Они молчали десять минут. За окном стемнело. Опустились автоматические ставни.
— К-2 в прошлом году… вы?
— Да.
— Ты… и твой татарин. Пулеметчик.
— Шэм Сандыбеков.
— Знать бы, что там делается, — Асмоловский показал глазами на зашоренное окно.
Верещагин полностью разделял его желание. Знать бы, что происходит за этой решеткой. До чего договорились вчера господа командующие. Что им готовит СССР…
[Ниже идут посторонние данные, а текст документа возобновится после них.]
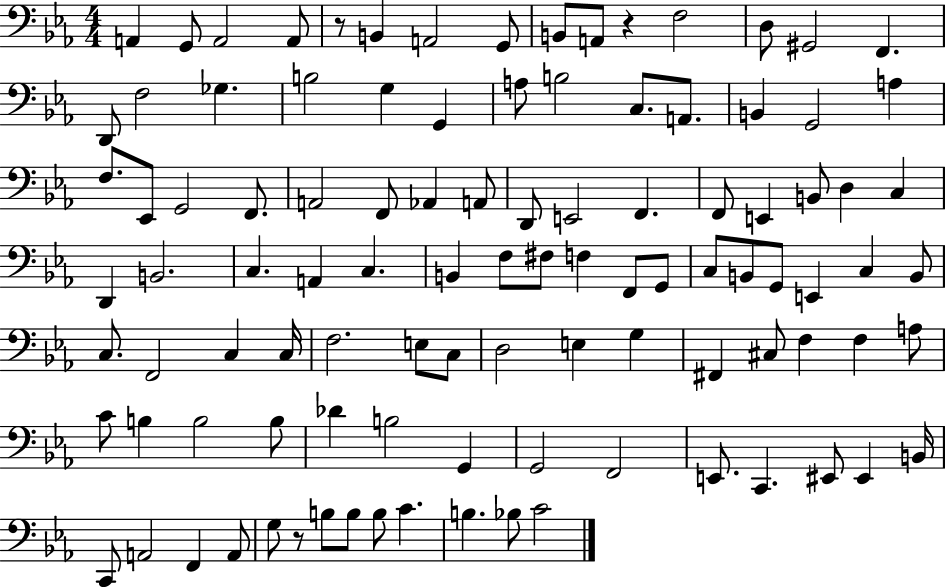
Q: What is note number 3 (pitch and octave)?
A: A2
— Как ты здесь оказался? — вдруг спросил Глеб.
— Как и ты. На носилках.
— Не крути. Я думаю… Здесь — ты сам сказал — военная тюрьма… По всем раскладам — самое неподходящее… для тебя место… Ты же должен быть герой… За что ж тебя сюда…
Арт не собирался отвечать. По правде говоря, он не знал, что отвечать.
— И меня тоже… — продолжил Глеб, отдышавшись. — Я не верю, что случайно. Меня допрашивал кто-то из ГРУ. Еще тогда… Насчет тебя… А потом — из общей палаты госпиталя… перевезли сюда. Зачем?
Свет погас. Раздался отдаленный скулеж сирены. Прогрохотали по коридору башмаки.
— Воздушная тревога, — сказал Арт.
— Значит, вас уже бомбят. С чем и поздравляю…
— Это не бомбардировка… Думаю, что это — ракетный обстрел.
— Да ну?
— Элементарно, Ватсон… Если бы им было чем нас бомбить, мы бы проснулись от взрывов еще днем.
— Так вы что… Вы что, бомбили нас?
— Скорее всего. Тихо!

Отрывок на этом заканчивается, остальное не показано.